## DATA
§ §

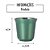 4 Xícaras 90ml Café Espresso Pixie Inox Parede Dupla Térmico Verde - Imagem 6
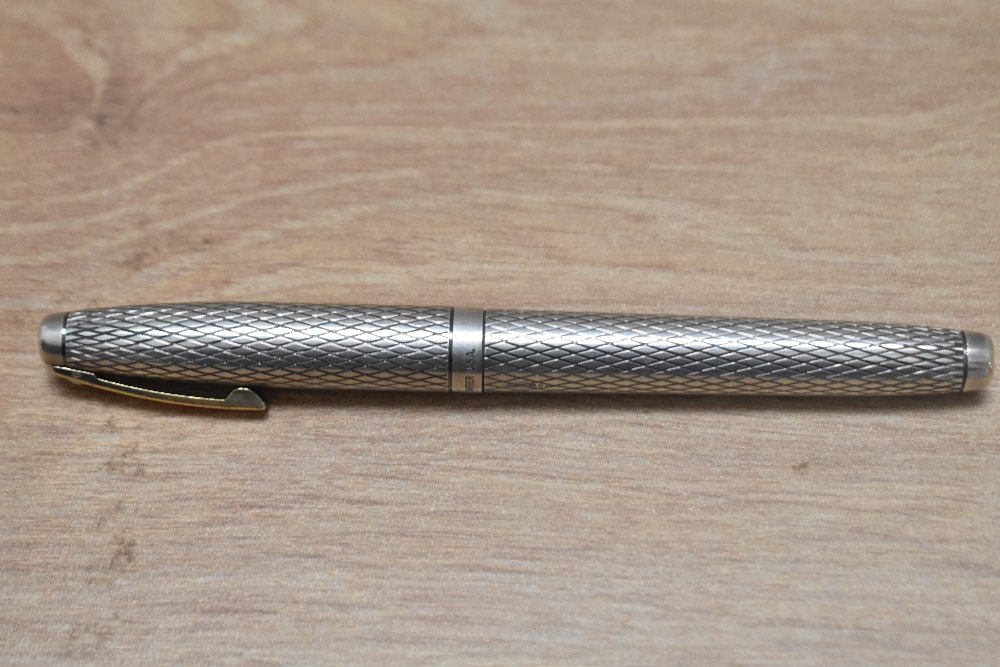 A Sheaffer Imperial Sovereign fountain pen in sterling silver with diamond design with Sheaffer - Image 5 of 5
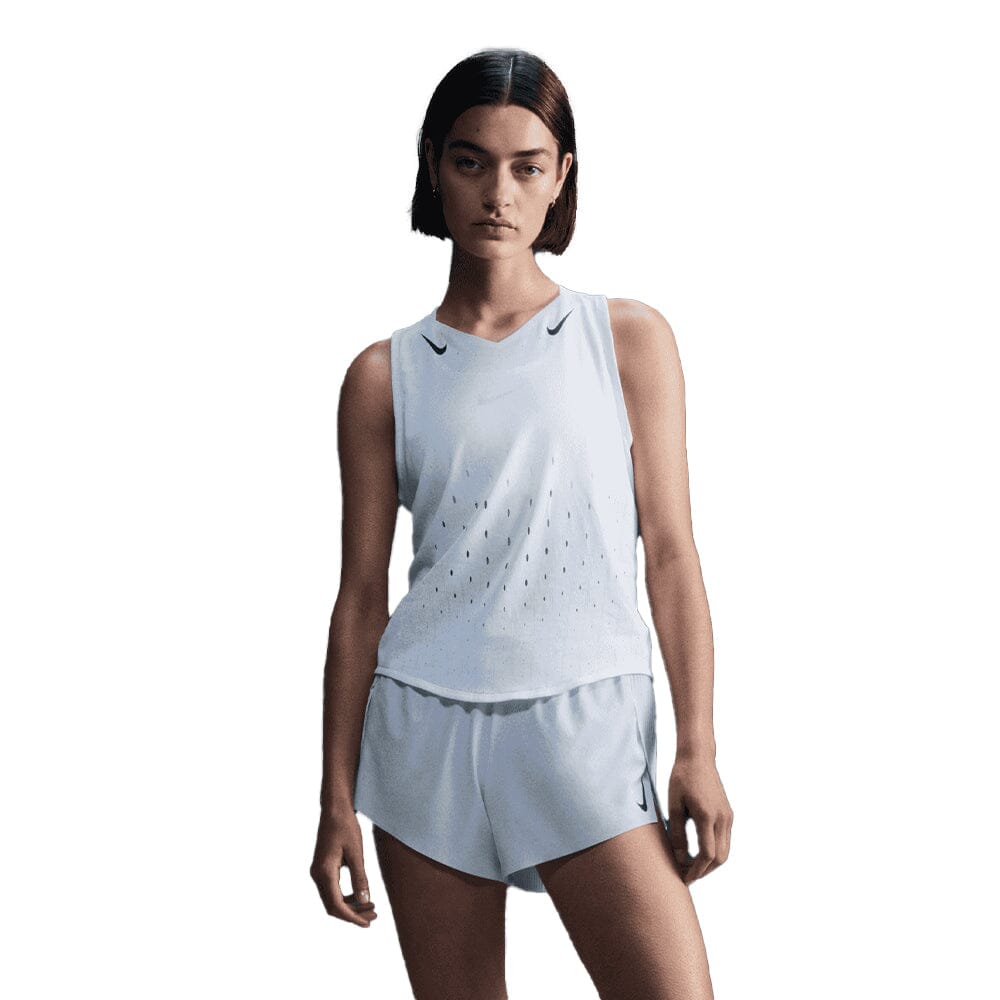 Nike Women's AeroSwift Dri-FIT ADV Running Singlet - BlackToe Running#colour_white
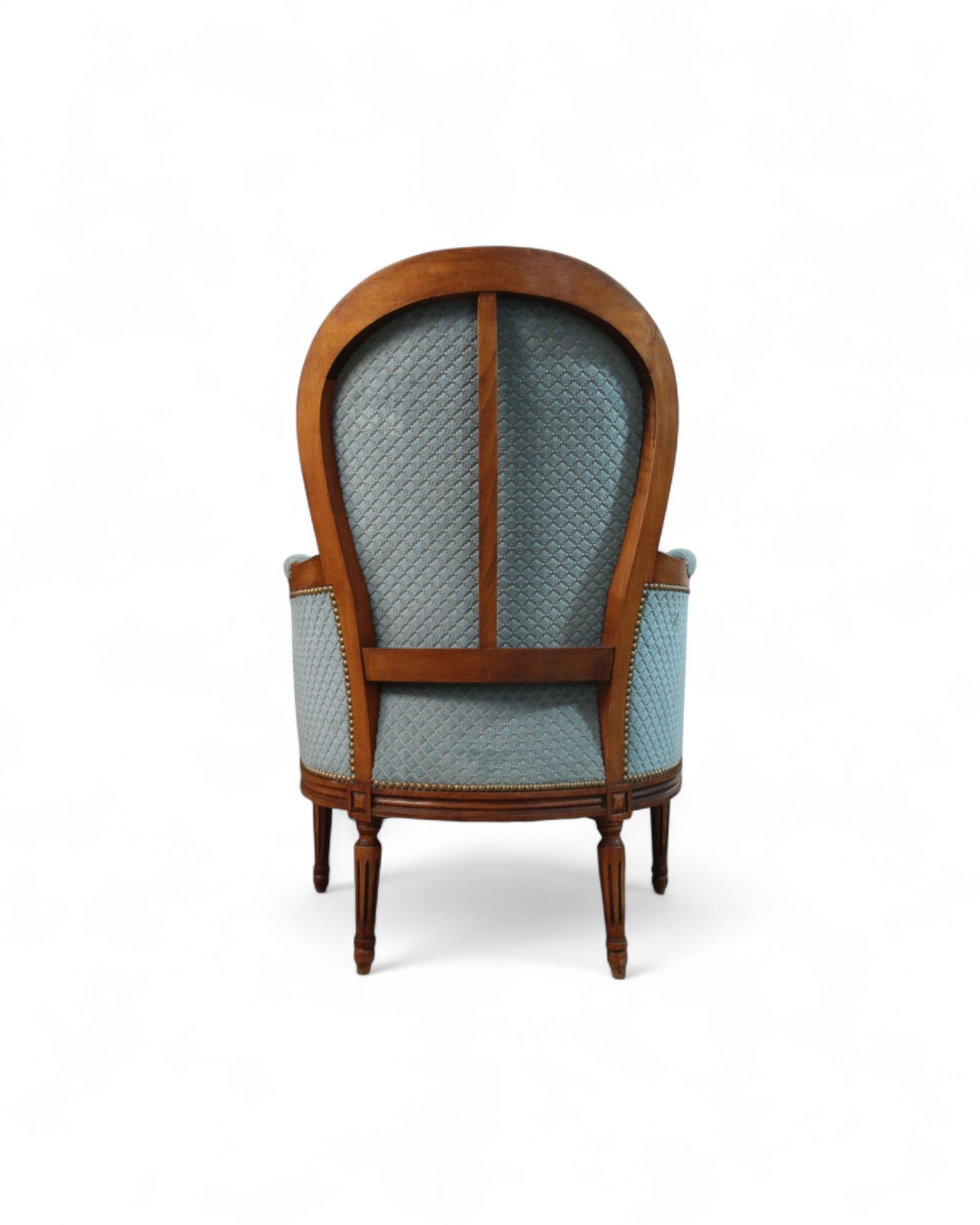 Louis XVI Revival Carved Wood Salon Suite ‚Äì 3-Piece Set with Settee and Armchairs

§ §

## PROMPT
Every line from the one containing "Nike Women's AeroSwift" through the last line of the data, both included, is to be repeated exactly; the pictures are to be left out.

## WRITTEN RESPONSE
 Nike Women's AeroSwift Dri-FIT ADV Running Singlet - BlackToe Running#colour_white
 Louis XVI Revival Carved Wood Salon Suite ‚Äì 3-Piece Set with Settee and Armchairs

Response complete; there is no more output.